Molti anni prima, nel 1968, Sebastiano era arrivato a Modena (la facoltà nacque in quell'anno), dopo un lungo periodo trascorso a Cambridge, e aveva cominciato a guardarsi intorno. Per uno studioso di economia industriale la città, con il suo ricco tessuto produttivo, il suo articolato sistema di governo delle relazioni sociali e la sua stretta integrazione fra industria e agricoltura, era una miniera a cielo aperto. Ma per vedere bisogna saper guardare. In questo Sebastiano era aiutato dal fatto di provenire da una realtà sociale completamente diversa. "Perché questo non succede a Sassari?", mi ha chiesto infinite volte, mentre io mi smarrivo fra Marx e Sraffa. Questa domanda era il segreto della distanza critica che gli consentiva di vedere l'Emilia - e che attraverso lo studio dell'Emilia gli avrebbe consentito, negli anni successivi, di raggiungere importanti risultati anche in campo teorico e di contribuire a dare vita a un intero filone di studi.

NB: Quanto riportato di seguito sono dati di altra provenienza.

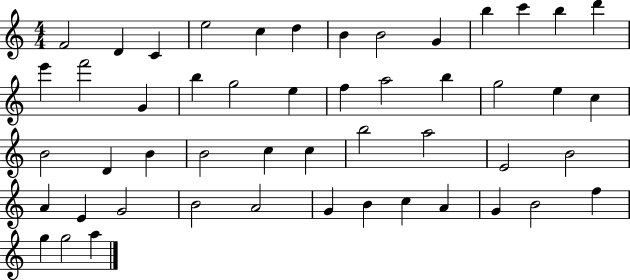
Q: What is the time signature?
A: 4/4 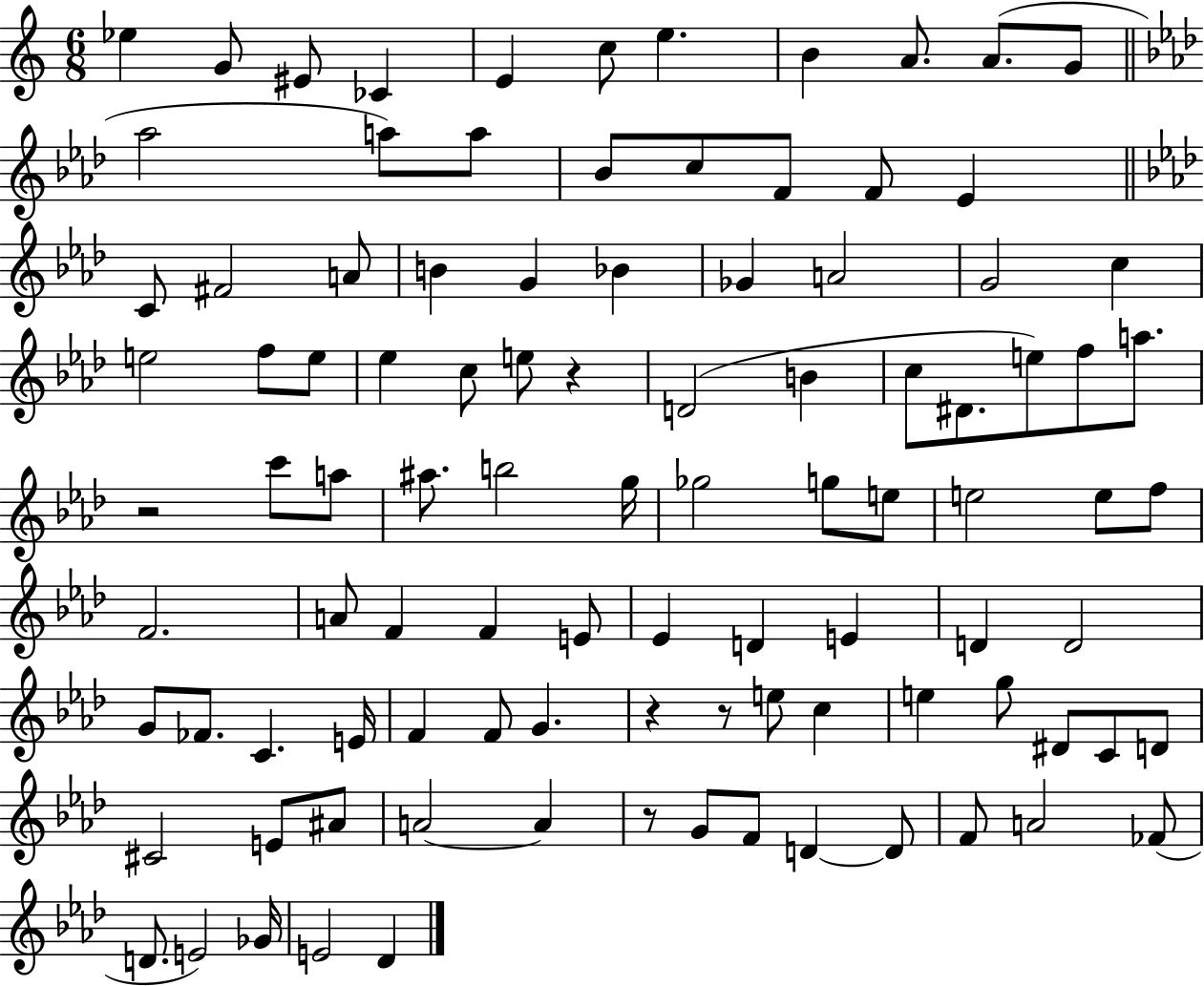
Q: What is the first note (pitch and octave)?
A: Eb5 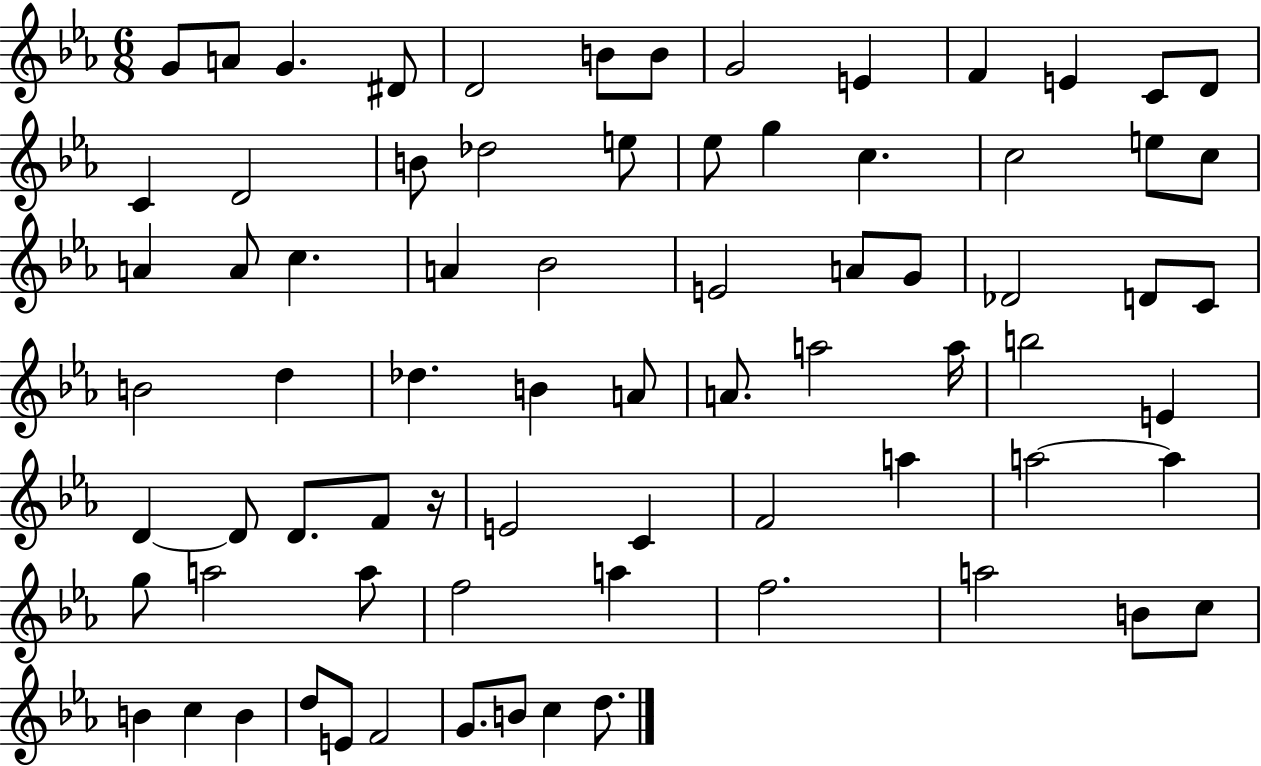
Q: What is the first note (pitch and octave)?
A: G4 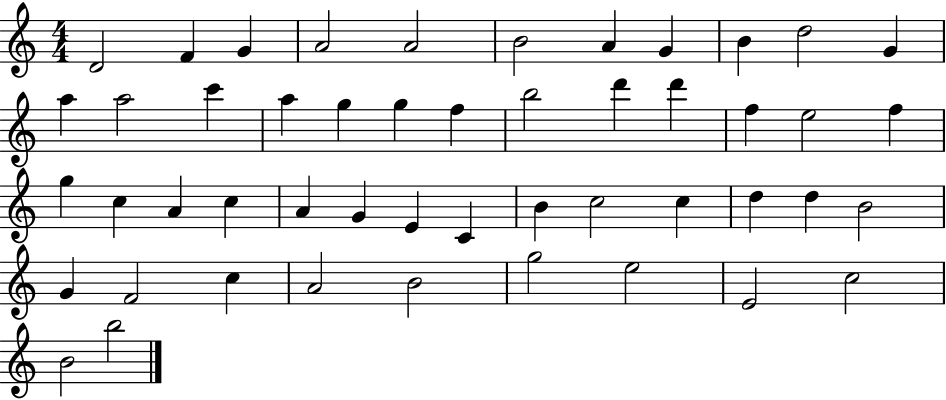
D4/h F4/q G4/q A4/h A4/h B4/h A4/q G4/q B4/q D5/h G4/q A5/q A5/h C6/q A5/q G5/q G5/q F5/q B5/h D6/q D6/q F5/q E5/h F5/q G5/q C5/q A4/q C5/q A4/q G4/q E4/q C4/q B4/q C5/h C5/q D5/q D5/q B4/h G4/q F4/h C5/q A4/h B4/h G5/h E5/h E4/h C5/h B4/h B5/h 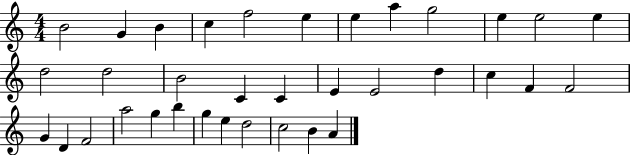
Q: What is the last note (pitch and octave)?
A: A4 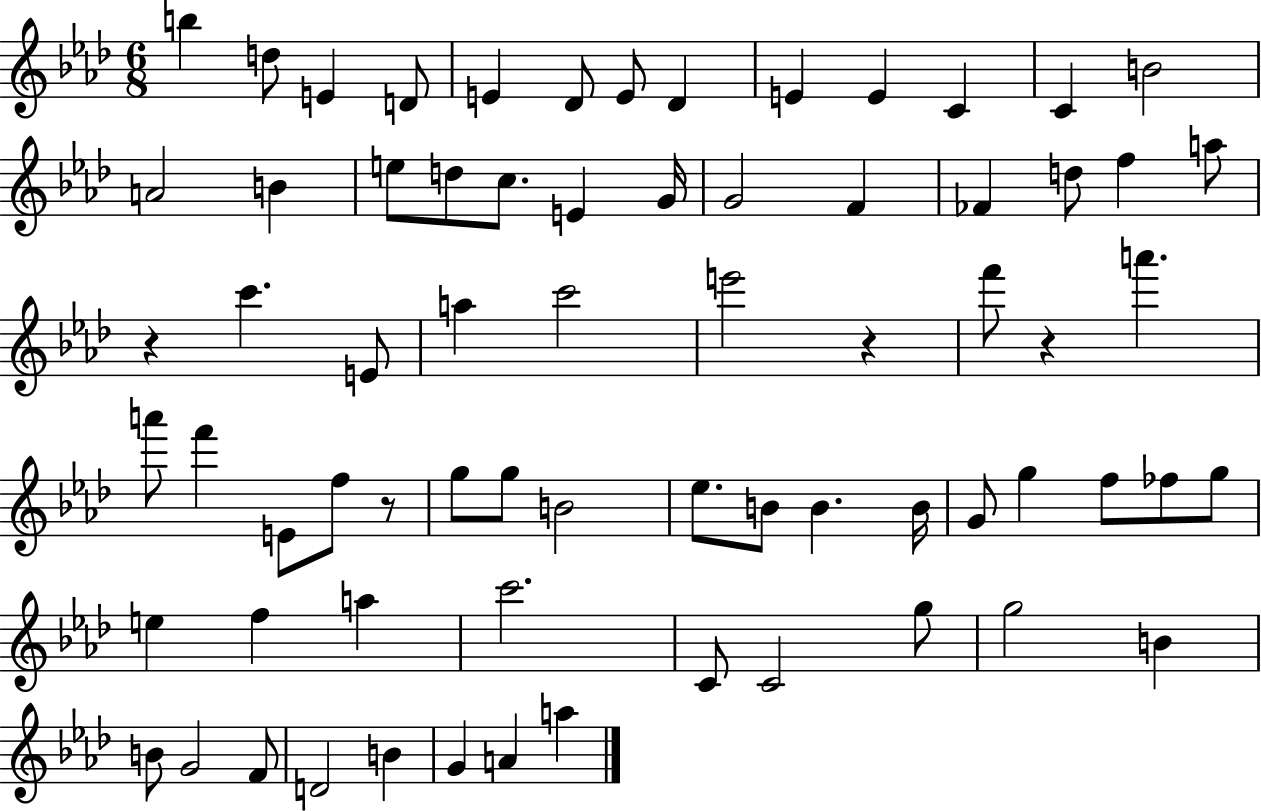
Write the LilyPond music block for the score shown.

{
  \clef treble
  \numericTimeSignature
  \time 6/8
  \key aes \major
  b''4 d''8 e'4 d'8 | e'4 des'8 e'8 des'4 | e'4 e'4 c'4 | c'4 b'2 | \break a'2 b'4 | e''8 d''8 c''8. e'4 g'16 | g'2 f'4 | fes'4 d''8 f''4 a''8 | \break r4 c'''4. e'8 | a''4 c'''2 | e'''2 r4 | f'''8 r4 a'''4. | \break a'''8 f'''4 e'8 f''8 r8 | g''8 g''8 b'2 | ees''8. b'8 b'4. b'16 | g'8 g''4 f''8 fes''8 g''8 | \break e''4 f''4 a''4 | c'''2. | c'8 c'2 g''8 | g''2 b'4 | \break b'8 g'2 f'8 | d'2 b'4 | g'4 a'4 a''4 | \bar "|."
} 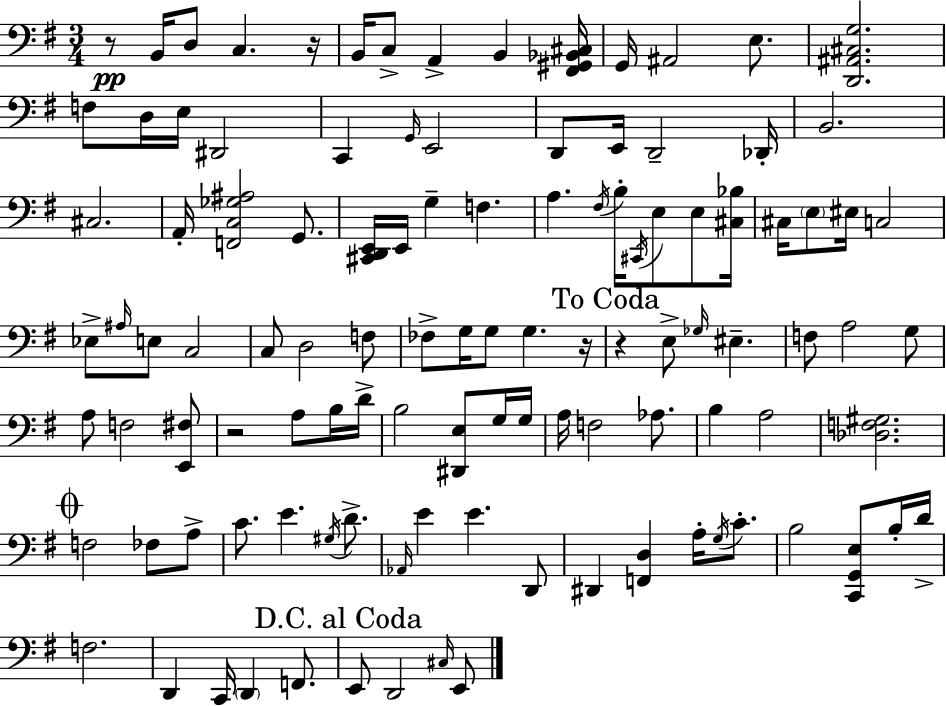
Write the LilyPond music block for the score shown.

{
  \clef bass
  \numericTimeSignature
  \time 3/4
  \key g \major
  r8\pp b,16 d8 c4. r16 | b,16 c8-> a,4-> b,4 <fis, gis, bes, cis>16 | g,16 ais,2 e8. | <d, ais, cis g>2. | \break f8 d16 e16 dis,2 | c,4 \grace { g,16 } e,2 | d,8 e,16 d,2-- | des,16-. b,2. | \break cis2. | a,16-. <f, c ges ais>2 g,8. | <cis, d, e,>16 e,16 g4-- f4. | a4. \acciaccatura { fis16 } b16-. \acciaccatura { cis,16 } e8 | \break e8 <cis bes>16 cis16 \parenthesize e8 eis16 c2 | ees8-> \grace { ais16 } e8 c2 | c8 d2 | f8 fes8-> g16 g8 g4. | \break r16 \mark "To Coda" r4 e8-> \grace { ges16 } eis4.-- | f8 a2 | g8 a8 f2 | <e, fis>8 r2 | \break a8 b16 d'16-> b2 | <dis, e>8 g16 g16 a16 f2 | aes8. b4 a2 | <des f gis>2. | \break \mark \markup { \musicglyph "scripts.coda" } f2 | fes8 a8-> c'8. e'4. | \acciaccatura { gis16 } d'8.-> \grace { aes,16 } e'4 e'4. | d,8 dis,4 <f, d>4 | \break a16-. \acciaccatura { g16 } c'8.-. b2 | <c, g, e>8 b16-. d'16-> f2. | d,4 | c,16 \parenthesize d,4 f,8. \mark "D.C. al Coda" e,8 d,2 | \break \grace { cis16 } e,8 \bar "|."
}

Il processo non fu, tuttavia, lineare. Alcune strade, che parevano promettenti, dovettero essere abbandonate, altre portarono in direzioni diverse da quelle inizialmente previste. Le lavoranti a domicilio del quartiere "La Madonnina" gli fecero capire che quel modo di lavorare, accanto a evidenti svantaggi, presentava anche alcuni vantaggi, particolarmente se qualcun altro in famiglia aveva un lavoro regolare; le delegate di fabbrica gli spiegarono che "in certi periodo della loro vita l'orario completo non avrebbero potuto farlo". Che in una spiegazione "dal lato dell'offerta" ci fosse qualche elemento di verità di cui tener conto era per lui (e per quelli cui apriva il suo cuore) fonte di sorpresa, se non di scandalo. Ma forniva anche uno stimolo alla riflessione. Dovette concluderne, come scriverà più tardi, che "in situazioni di piena occupazione forse accadono cose diverse da ciò che accade in Sardegna". Così, accumulava pietre e calcina per la casa che avrebbe costruito.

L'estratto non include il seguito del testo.